=== Section Start ===
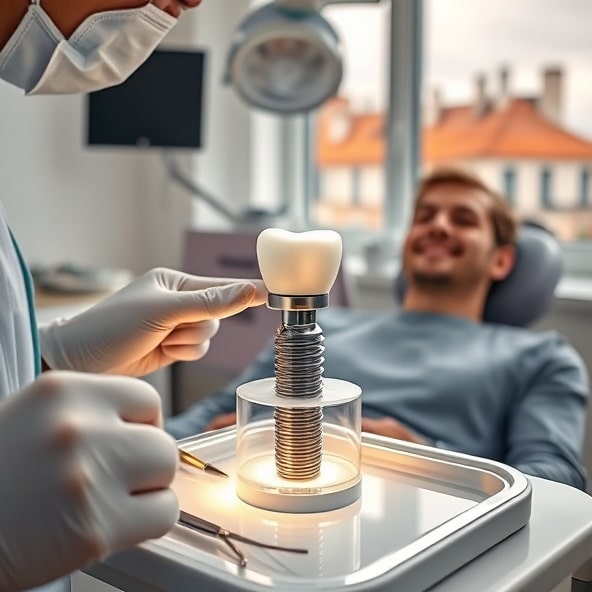 implanty zębów bicon olsztyn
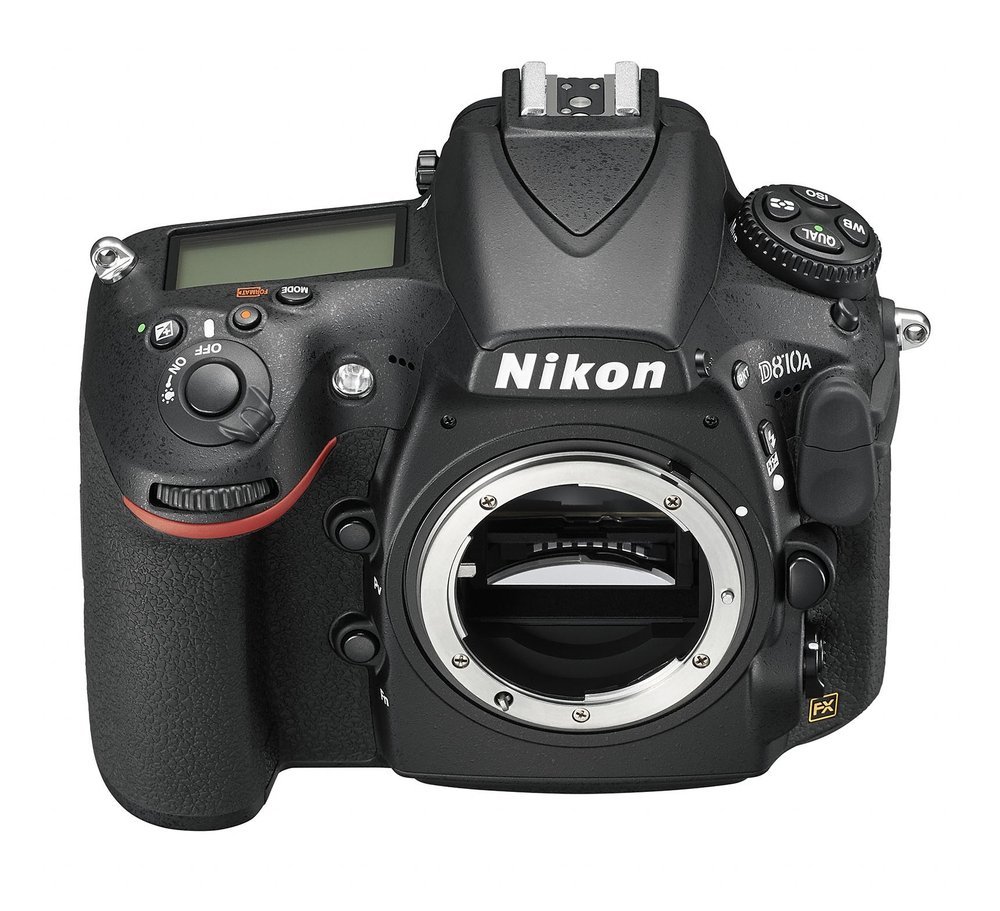 Nikon D810A - 2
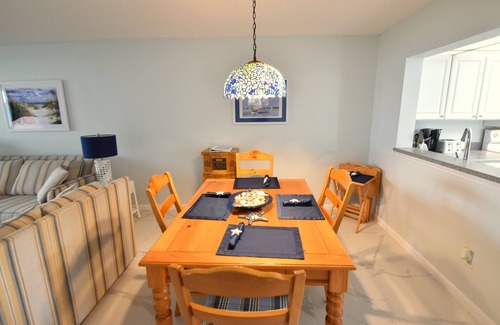 Fort Pierce Shores Condo | Miles Of Private Beach Front Condo With Heated Pool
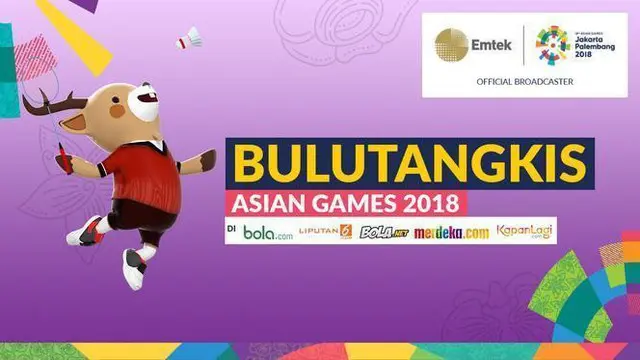 VIDEO: Tim Bulutangkis Putri Indonesia Tembus Semifinal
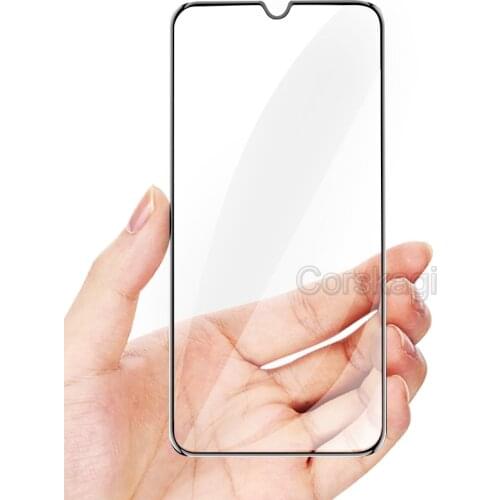 3PCS /lot Full Coverage Screen Tempered Glass for XIAOMI Mi 9 10 10T Lite Mi A3 9 SE 9T Glass Film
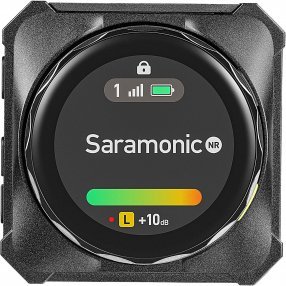Mikrofon Saramonic Zestaw do bezprzewodowej transmisji dźwięku Saramonic BlinkMe B2 3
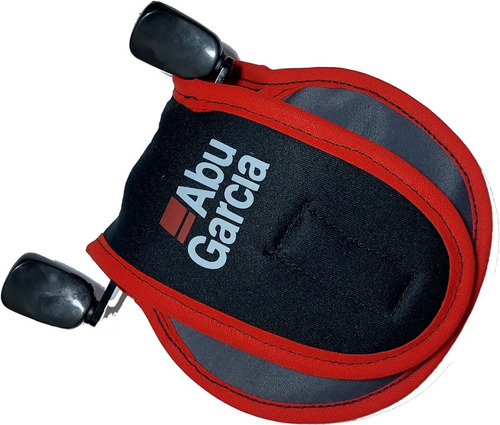 Funda Abu Garcia De Neoprene Reel Huevito O Rotativo Chico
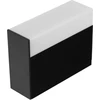 1m LED profilis COMBO30-02, juodas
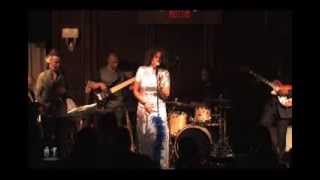 quotOoh Baby Babyquot live at Scullers in Boston  Ashanti Munir [upl. by Violet513]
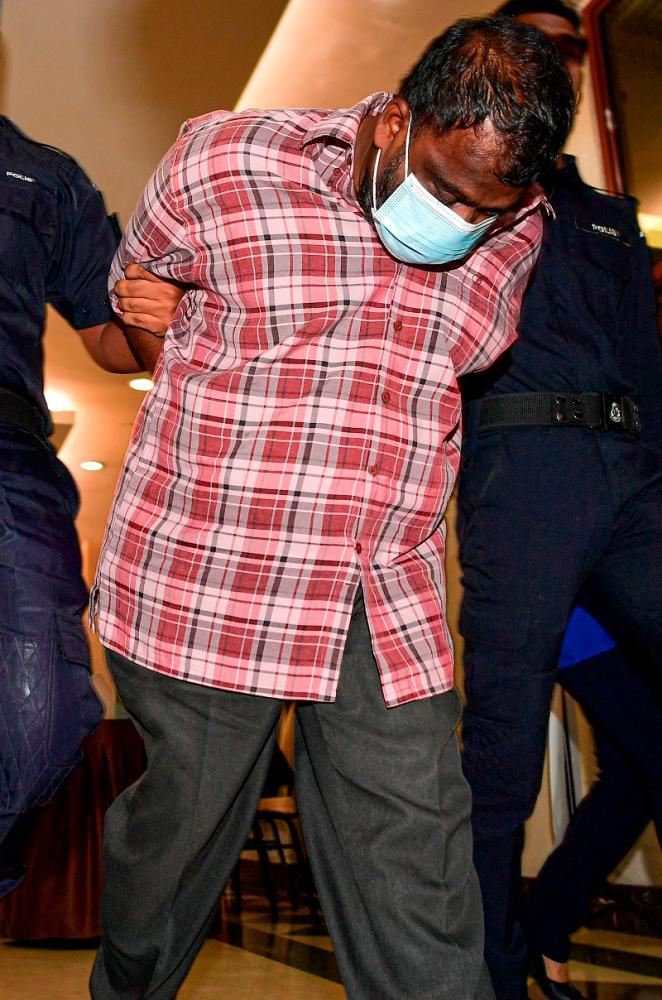 Building manager fined RM1,000 for impersonating Johor Police Chief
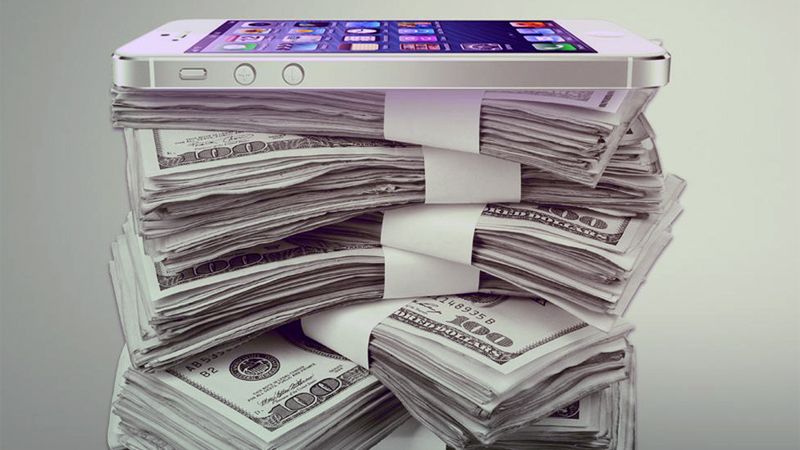 100 miliardów w 2017 roku. Wszystko dzięki mobilnemu graniu! 1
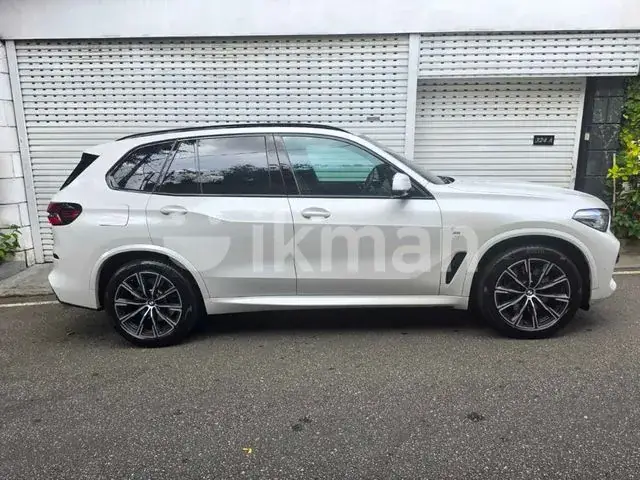 BMW X5 2020 photo 2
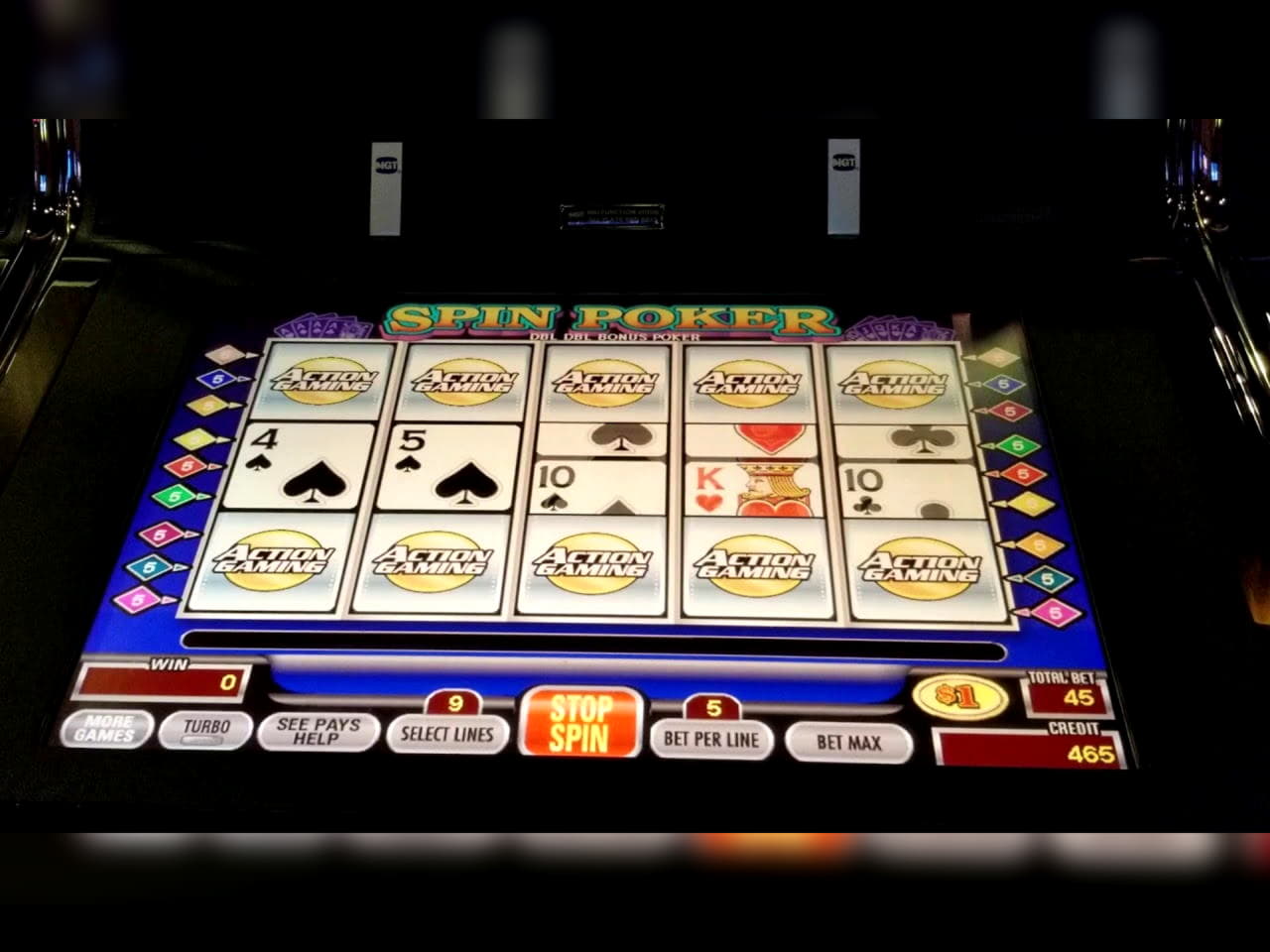 250 Trial Spins at Spin Palace Casino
=== Section End ===
**Task objective**
Print the entries as they stand, first line through the line holding "Mikrofon Saramonic Zestaw", with every picture removed.

**Output for this exercise**
 implanty zębów bicon olsztyn
 Nikon D810A - 2
 Fort Pierce Shores Condo | Miles Of Private Beach Front Condo With Heated Pool
 VIDEO: Tim Bulutangkis Putri Indonesia Tembus Semifinal
 3PCS /lot Full Coverage Screen Tempered Glass for XIAOMI Mi 9 10 10T Lite Mi A3 9 SE 9T Glass Film
Mikrofon Saramonic Zestaw do bezprzewodowej transmisji dźwięku Saramonic BlinkMe B2 3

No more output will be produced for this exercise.